In order to answer this, we need a notion of "limit" for lines. A natural choice in this setting is to parametrize non-vertical lines by slope $m$ and $y$-intercept $b$, so that a line $y = b(a)x + m(a)$ approaches $y = mx + b$ if and only if $m(a) \to m$ and $b(a) \to b$.

As you note, if $f$ is differentiable everywhere, the tangent line to the graph $y = f(x)$ at $x = a$ is $y = f(a) + f'(a)(x - a) = f'(a)x + [f(a) - af'(a)]$. This approaches $y = f(a)$ if and only if $f'(a) \to 0$ and $af'(a) \to 0$. The second clearly implies the first, since $|f'(a)| < |a|\, |f'(a)|$ for $|a| > 1$. It's also fairly clear by example that $f'(a) \to 0$ does not imply $af'(a) \to 0$.

In sum, the tangent line of $f$ at $a$ approaches $y = f(a)$ as $|a| \to \infty$ if and only if $af'(a) \to 0$.

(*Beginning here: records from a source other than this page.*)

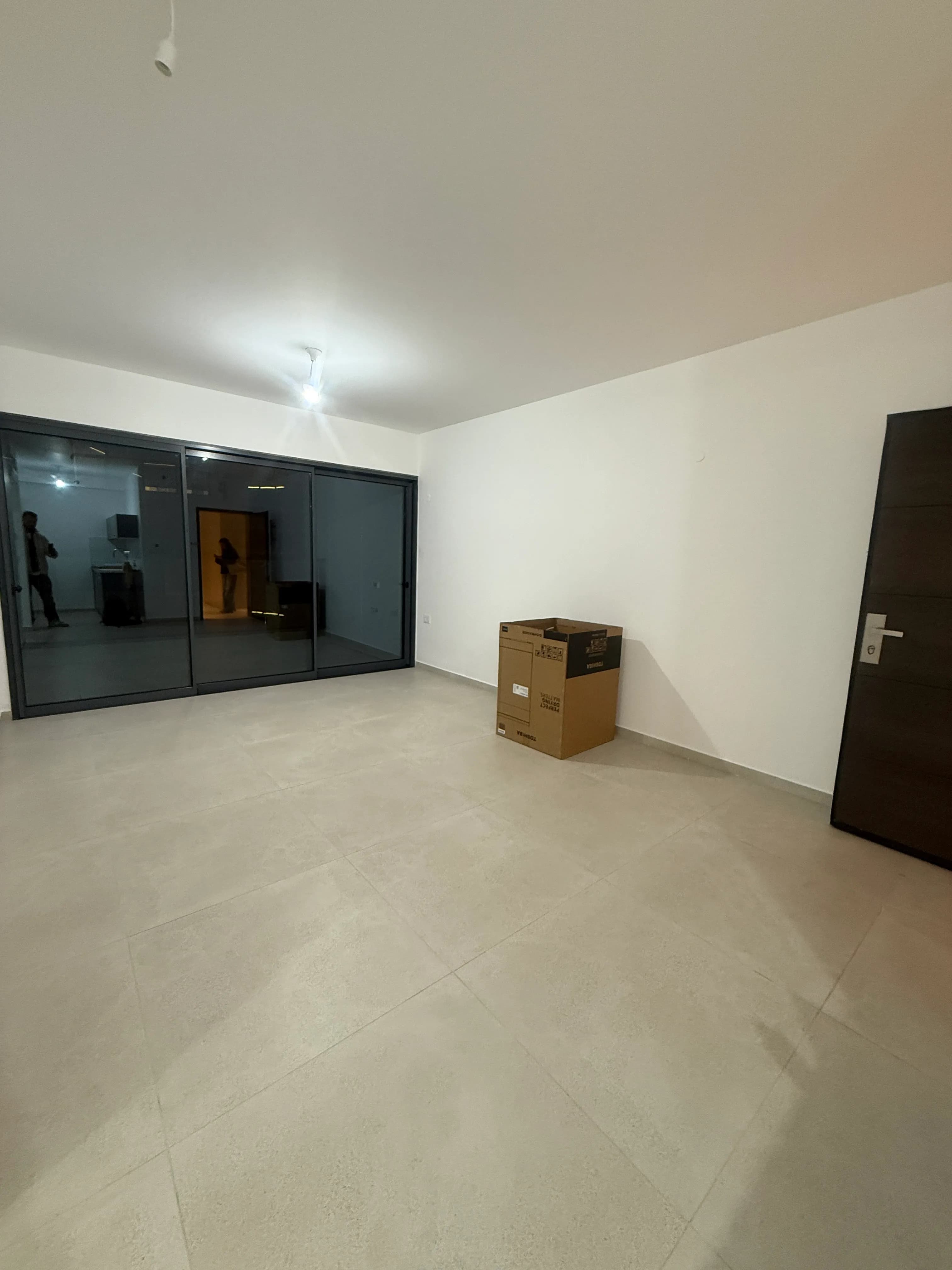 דירת 2 חדרים — בניין A - תמונה 4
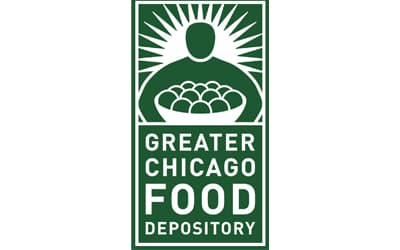 Greater Chicago Food Depository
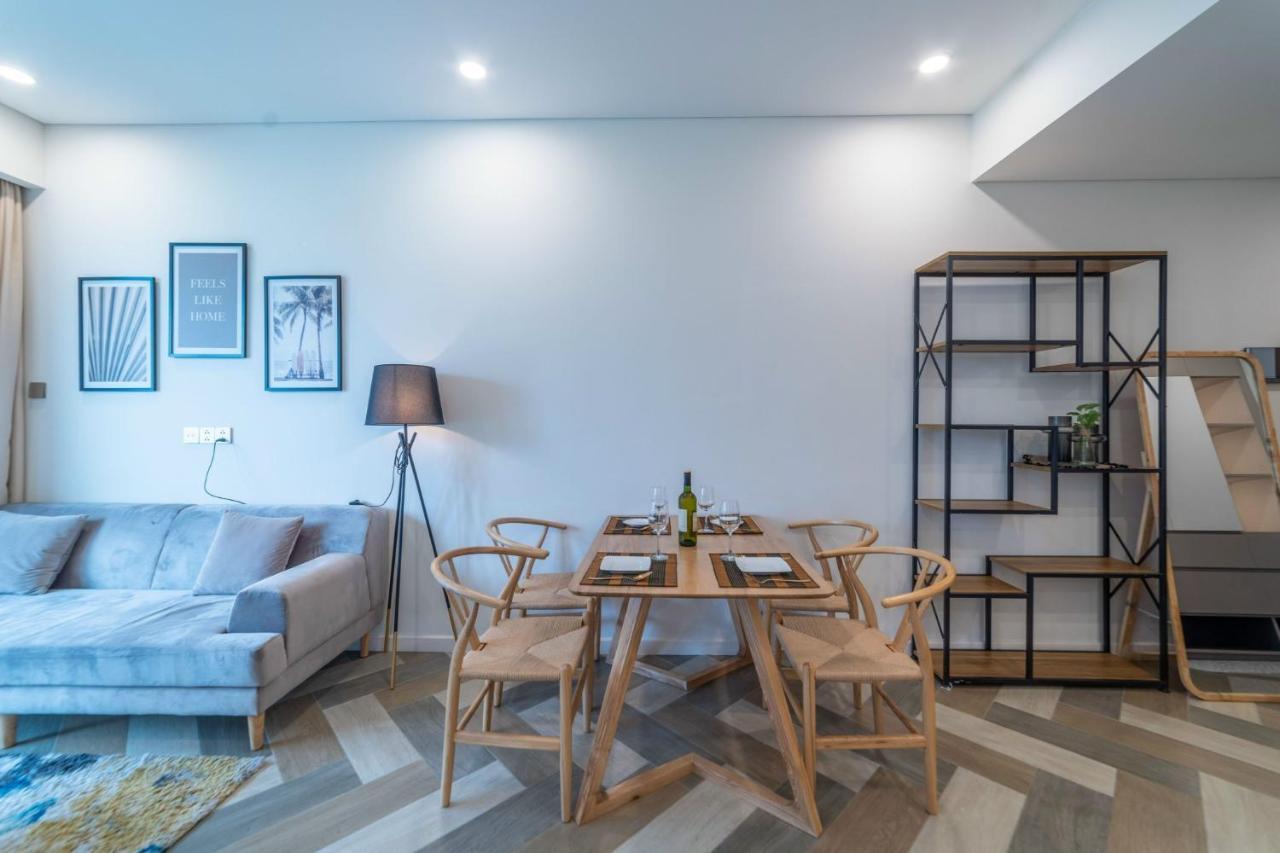 Cao House - Metropole Ba Son Saigon Ho Chi Minh City
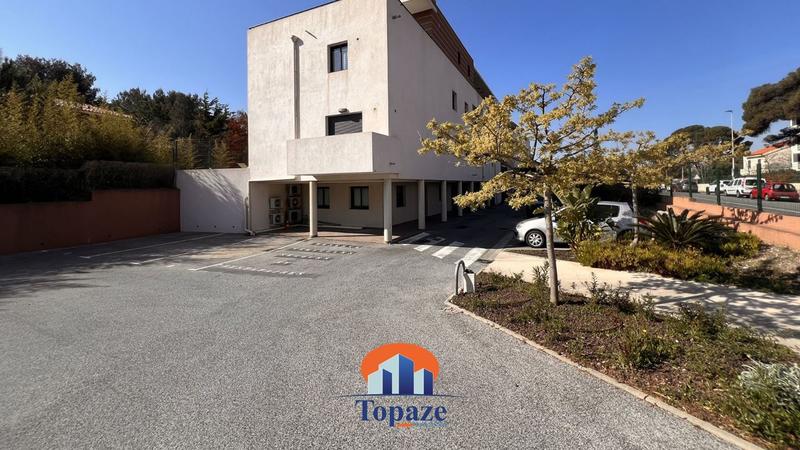 Appartement - 22 m² - 1 pièce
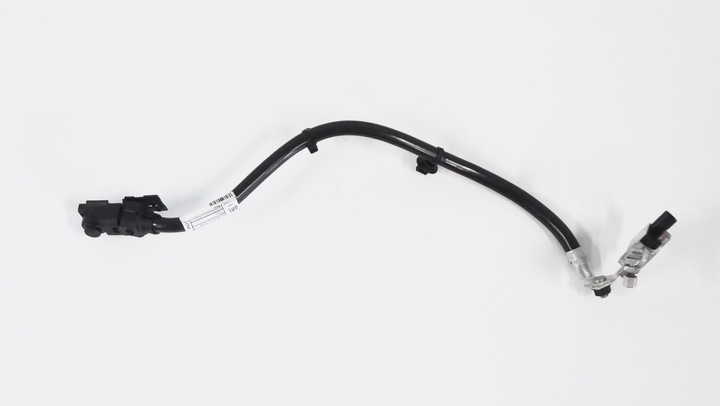 фото №1, Клемма минусовая 22926732 opel astra k 5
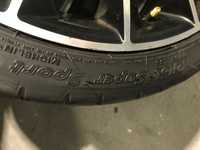 235/35r19 michelin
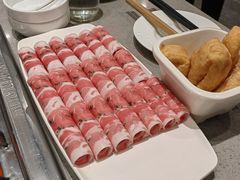 -海底捞火锅(朝阳北路生日主题店)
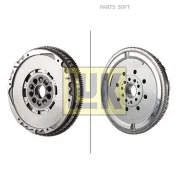 ������� Volvo C30/C70/S40/S60/S80/V40/V50/V7�0 2.0-2.4 2.0-2.4 ������������ LUK 415013411 LUK 415013411 ����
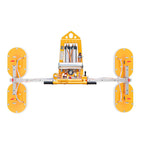 ABACO MULTI STONE VACUUM LIFTER - AMSVL100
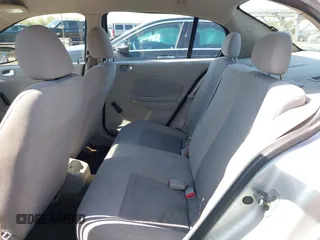 2007 Chevrolet Cobalt LS with VIN 1G1AK55FX77287544, listed as a IAAI auction lot 42141946 with 194,142 mi miles and . Bid and sale history available at DreamBid. Image 5.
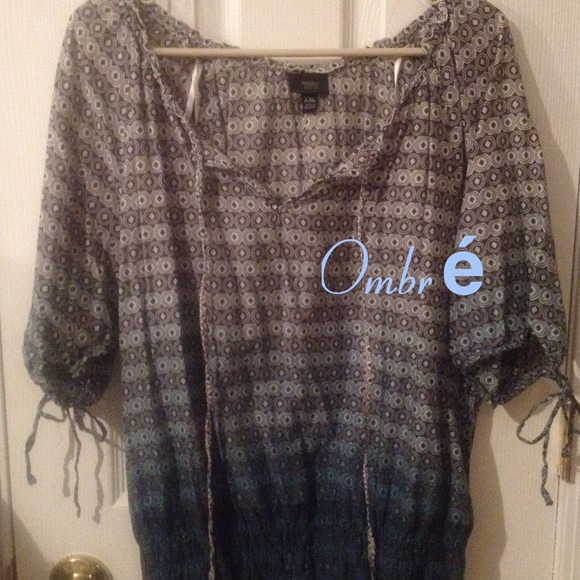 Bundle for @debbie2526 with yellow paisley top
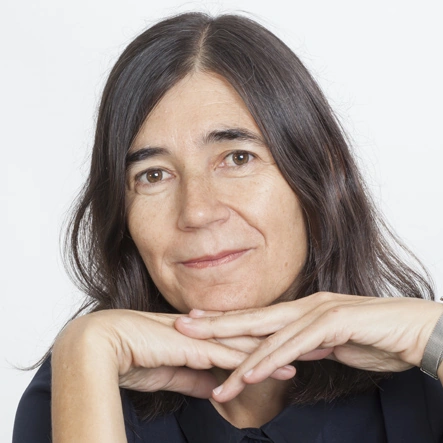 María Antonia Blasco Marhuenda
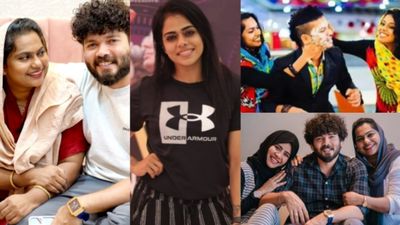 'സുഹാനയ്ക്ക് ആദ്യത്തെ അനുഭവമല്ല, അന്ന് ബഷീറിന്റെ മറ്റൊരു ഭാര്യയ്ക്കൊപ്പം താമസിച്ചു, ശ്രേയയെ ടോർച്ചർ ചെയ്തു'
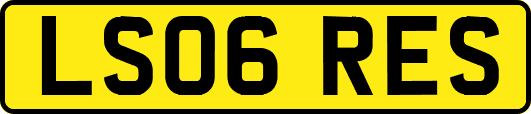 LS06RES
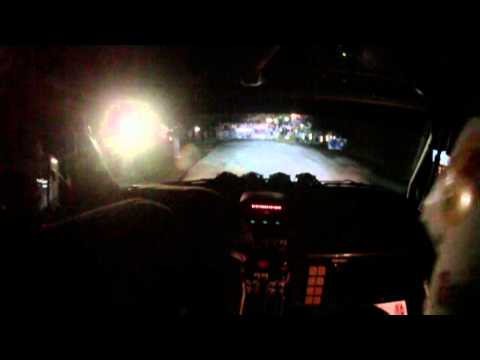 49° Rally Coppa Città di Lucca CCar Bedini Pippi Ps1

If instead you have an oblique asymptote $y = mx + b$, the differentiable function $g(x) = f(x) - mx$ has a horizontal asymptote, so this question reduces to the previous case, and the necessary and sufficient conditions are $f'(a) \to m$ and $f(a) - af'(a) \to b$.

Answer 2

Take $$f(x)=\frac 1x$$ then $ c=0$ but $$\lim_{a\to\infty}f'(a)(2a-a)=0$$ $$\lim_{a\to\infty}f'(a)(a^2-a)=-1$$ and $$\lim_{a\to\infty}f'(a)(a^3-a)=\infty$$

So, your limit $\lim_{a\to\infty}f'(a)(x-a) $ should depend on $ x $.

Answer 3

This works if you i) translate everything to the origin and ii) work in a limited domain, so that $x$ is not allowed to be too far from the point of tangency $a$ and iii) Make some assumptions on $f$. Let's use monotonicity and concavity for example.

Let $f(x)$ be an increasing, concave-down smooth function on $\mathbb{R}$ such that $L = \lim_{x\rightarrow \infty} f(x)$ exists. Define the functions $$T_a(x) = f(a) + f'(a) (x-a).$$ Translate this to the origin: define $S_a(x) = T_a(x+a) = f(a) + f'(a) x$.

Claim: For any $M > 0$, as $a \rightarrow \infty$, $S_a(x) - f(x+a) \rightarrow 0$ uniformly for $x \in [-M,M]$.

Proof: First we prove $\lim_{x\rightarrow \infty} f'(x) = 0$. For suppose not; then there is $\epsilon > 0$ so that for any $L > 0$ we have some $a>L$ with $|f'(a)| > \epsilon$. Since $f(x)$ is assumed increasing, $f'(a) > 0$, so we can say $f'(a) > \epsilon$. Then using the fact that $f'(x)$ is decreasing, we have

\begin{align*} f(x) &= f(a) + f(x) - f(a) \\ &= f(a) + \int_a^x f'(t) \, dt\\ &\geq f(a) + \int_a^x f'(a) \, dt \\ &= f(a) + \epsilon (x-a)\end{align*} which tends to $\infty$ as $x \rightarrow \infty$ contradicting the fact that $\lim_{x\rightarrow \infty} f(x)$ exists and is finite. So $\lim_{x\rightarrow \infty} f'(x) = 0$

Now fix M. Given $\epsilon$ choose $L$ so that for $x>L$ we have both $|f(x)-L| < \epsilon/3$ and $|f'(x)| < \epsilon/(3M)$.

Then for $a > L$ and any $|x| < M$, we have \begin{align*}|S_a(x) - f(x+a)| &= |f(a) - f(x+a) + f'(a) x |\\ & |f(a) - f(x+a)| + |f'(a) x |\\ &|f(a) - L| + |L - f(x+a)| + |f'(a)| x \\&< 2\epsilon/3 + (\epsilon/(3M)) M \\ &= \epsilon.\end{align*}

This is for a horizontal asymptote. Likely you can do a similar argument for an oblique asymptote.